And finally: How awesome is Carlos Zambrano? The answer is, really, really awesome. As in, like, super awesome. It's just too bad that his stellar performance was wasted, although he has now lowered his ERA to 3.39.
The Cubs play the rubber game tonight.
Kurt, we've spent eight years with the guy who curses us all in Spanish.
He's stuck it up Lassie Edmond's giggy. He fed Bunny-Foo-Foo Barrett his teeth. He's told more than one ump that NO, he's not gone, THEY are the ones that should be gone. He's probably going to set the all-time record for homeruns by pitchers who did not change their name to "Babe" and gave up pitching.
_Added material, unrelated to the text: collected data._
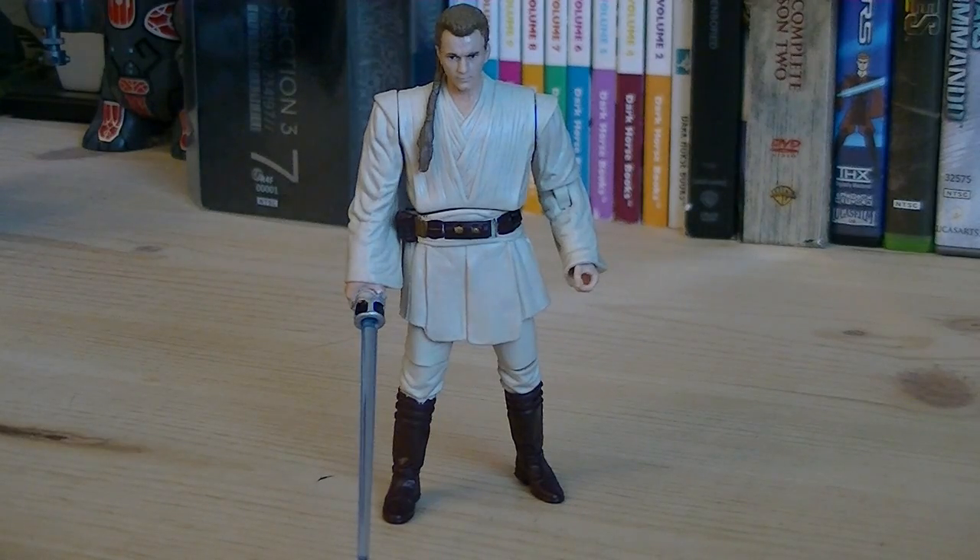So for about $9, you get a brand new Obi-Wan Kenobi with an excellent head sculpt and a brand new light-up feature. I think this is a great start by Hasbro, and I'm definitely looking forward to more of them in the future. That pretty much does it for this review — hope you guys enjoyed it!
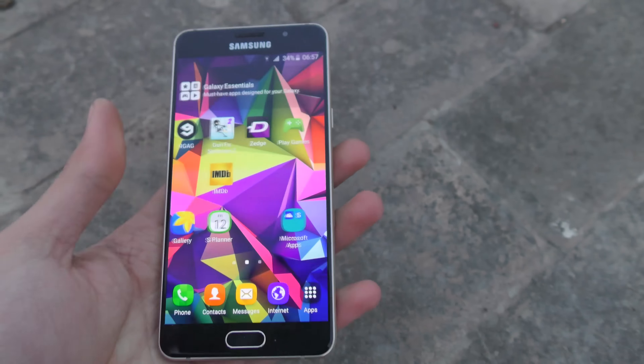Alright guys, back-drop test of the Galaxy A3 in three, two, one. That didn't sound well — moment of truth. Oh no, oh my god. You know what they say about this glass — it always cracks up easily. Just like the Galaxy A5, it cracked up pretty easily. Let's move towards the A5 now with the back drop.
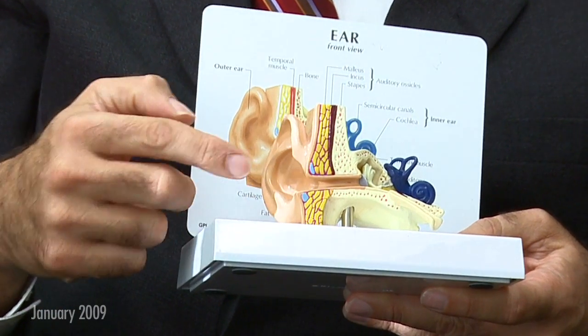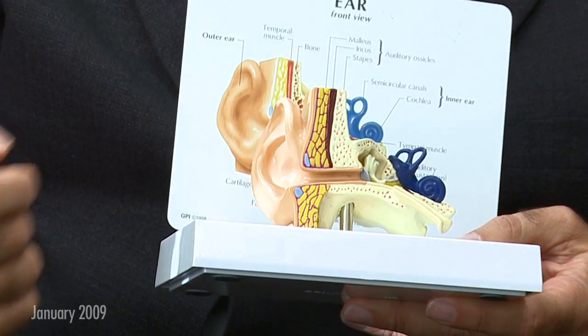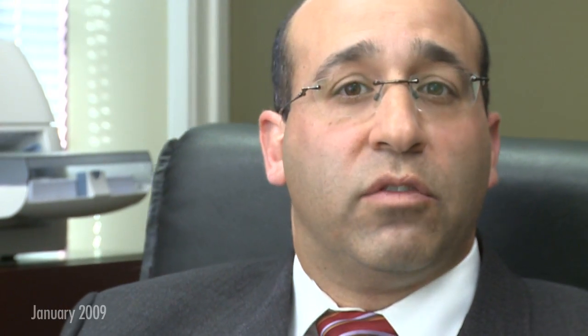There's no safe way to remove ear wax from your own ear canal. Q-tips are developed for use in the outer portions of your ear and not for use deep in your ear canal. The safest way to have your ear wax removed when it completely blocks your ear canal is to have a professional remove it.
He won last night's game pretty much by himself, with his bat, arm, AND glove. He is easily the most entertaining Cub I have ever seen, and he is the guy that they based the "Most Interesting Man in the World" commercial campaign after.
And whether or not it is his fault or not, the Cubs did not progress past the NLCS in 2003, past the Central Division in 2004, 5 &6, and past the NLDS in 2007 and 8. He gets injured doing things like trying to catch line drives with his bare hands, and beating out drag bunts. He gets suspended on pretty much an annual basis for his disagreements with umpires, which does not do his manager any favors in terms of roster maintenance, not to mention his teammates, the next time they are held in judgment on a close pitch or tag.
I do not in any way shape or form want to get rid of Carlos Zambrano. He is a friggin' beast, and I have reminded you of that fact hundreds of times. Last night, he was again a friggin' beast. And if there was a guarantee that he would comport himself for the rest of his careet as he did last night, I would state publicly that Zambrano is a Staff Ace.
But he won't, and I can't, and if it is not possible for us to keep both him and a Jake Peavy/Roy Oswalt/Roy Halliday-esque figure, I will go with the latter, because you can count on them to NOT get suspended, get injured doing something stupid, or any of that other crap that makes Zambrano less valuable than he should be.
The story of the season -- for good or bad -- has become Carlos Zambrano. On the day in which he won his 100th game of his career the Moose declared his intentions to retire ... in four or five years.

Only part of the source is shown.